La création des tribunaux administratifs faisait craindre, y compris à de grands professeurs – je pense notamment à Jean Rivero –, un risque d’éclatement du contentieux administratif. On sait que ni cette réforme, ni celle de 1987, ni aucune autre d’ailleurs, n’a conduit à un tel éclatement.
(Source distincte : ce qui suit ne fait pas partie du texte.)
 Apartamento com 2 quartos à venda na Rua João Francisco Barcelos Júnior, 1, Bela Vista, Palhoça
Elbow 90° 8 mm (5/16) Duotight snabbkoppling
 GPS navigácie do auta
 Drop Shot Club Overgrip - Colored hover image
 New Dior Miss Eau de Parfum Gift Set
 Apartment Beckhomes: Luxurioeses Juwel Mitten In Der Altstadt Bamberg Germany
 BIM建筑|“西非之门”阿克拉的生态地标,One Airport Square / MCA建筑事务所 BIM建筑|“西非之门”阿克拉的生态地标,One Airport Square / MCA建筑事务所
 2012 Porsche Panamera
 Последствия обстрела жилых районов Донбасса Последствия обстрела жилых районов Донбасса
Notre unité va au contraire grandissant et doit avoir pour horizon de se renforcer encore. 1953 n’a donc pas marqué le commencement de la fin, mais le commencement d’un renouveau, une nouvelle étape. « Le développement des tribunaux administratifs », pour reprendre le titre de notre table ronde, c’est donc aussi, et avant tout, l’épanouissement de notre ordre de juridiction.
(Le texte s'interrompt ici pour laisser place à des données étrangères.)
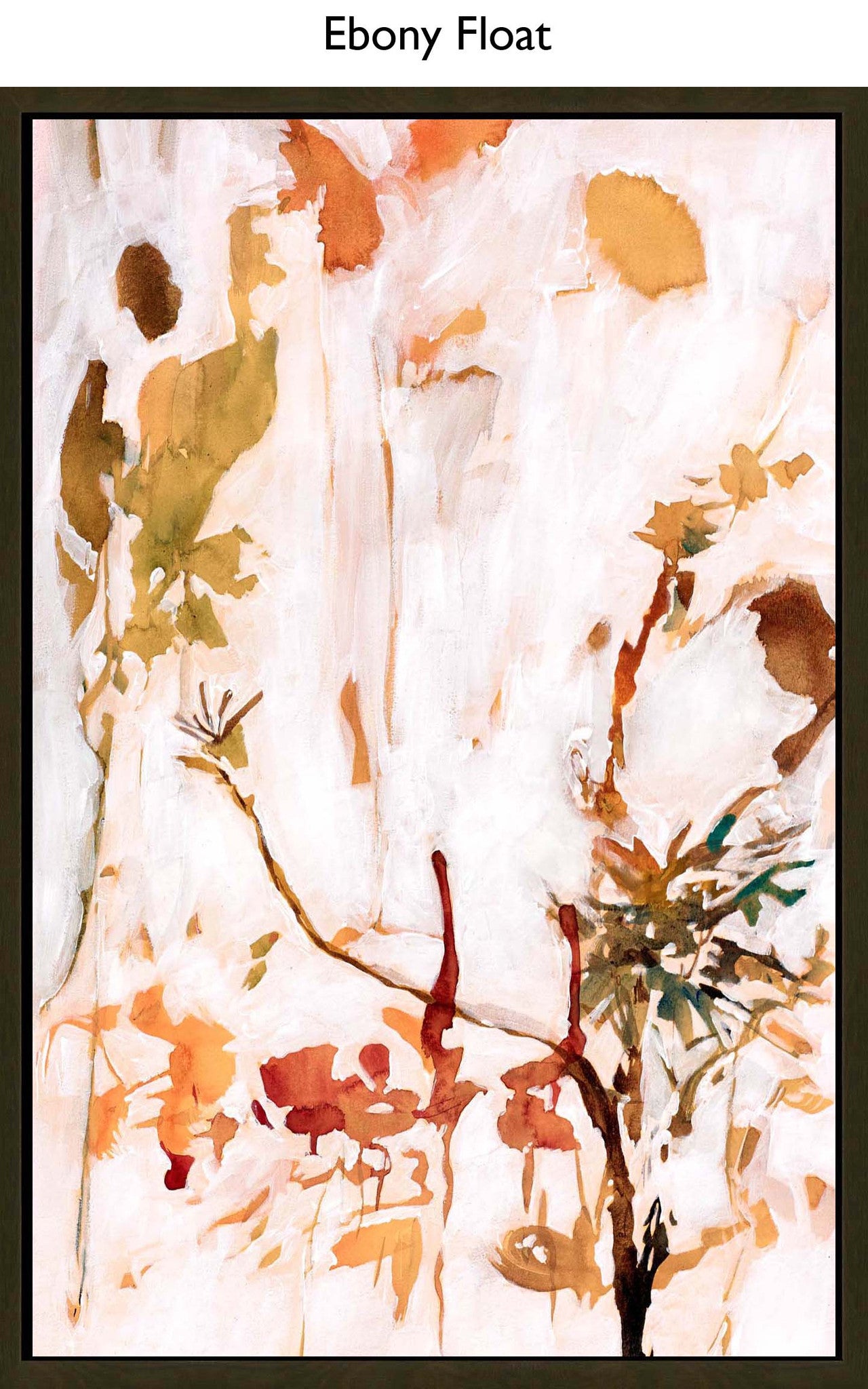 Ebony Float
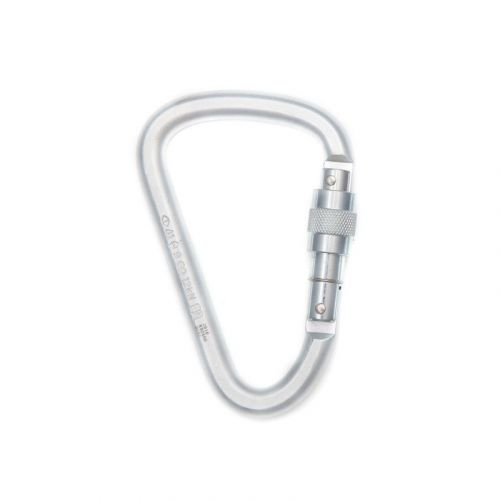 Fixe Mosqueton Acero Steel Big-R con Seguro a Rosca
[1] Texte écrit en collaboration avec M. Olivier Fuchs, conseiller de tribunal administratif et de cour administrative d’appel, chargé de mission auprès du vice-président du Conseil d’Etat.

[2] A. Prost,J. Winter, René Cassin, Fayard, 2011, p. 329.

[3] R. Cassin, « Introduction », EDCE, 1953, p. 1.

[4] « En 1987, comme en 1953, une réforme d’envergure s’impose. […] Il vous reviendra, Monsieur le Vice-Président, de trouver les voies d’une telle réforme » (J. Chirac, discours lors de l’Assemblée générale du 26 février 1987, in P. Gonod, La présidence du Conseil d’Etat républicain, Dalloz, 2005, p. 157-158).

[5] M. Long, « La création des cours administratives d’appel », AJDA, 2008. 1245.

[6] M. Long, M. Combarnous, « Genèse et élaboration de la loi du 31 décembre 1987 portant réforme du contentieux administratif », in Comité d’histoire du Conseil d’Etat et de la juridiction administrative, Conférences Vincent Wright. Tome 1, La Documentation française, col. Histoire et Mémoire, p. 342.

[7] Ibid.

[8] Loi n° 86-14 du 6 janvier 1986 fixant les règles garantissant l’indépendance des membres des tribunaux administratifs. Voir le rapport n° 3126 de M. Hory au nom de la commission des lois sur le projet de loi fixant les règles garantissant l’indépendance des membres des tribunaux administratifs, JO, Documents de l’Assemblée nationale. Cette réforme avait été évoquée par le ministre de l’intérieur dès la loi du 11 janvier 1984 relative à la fonction publique d’Etat, compte tenu de l’inadaptation du système des commissions administratives paritaires et des comités techniques paritaires aux spécificités du corps des conseillers de tribunal administratif.

[9] M. Long, M. Combarnous, op. cit.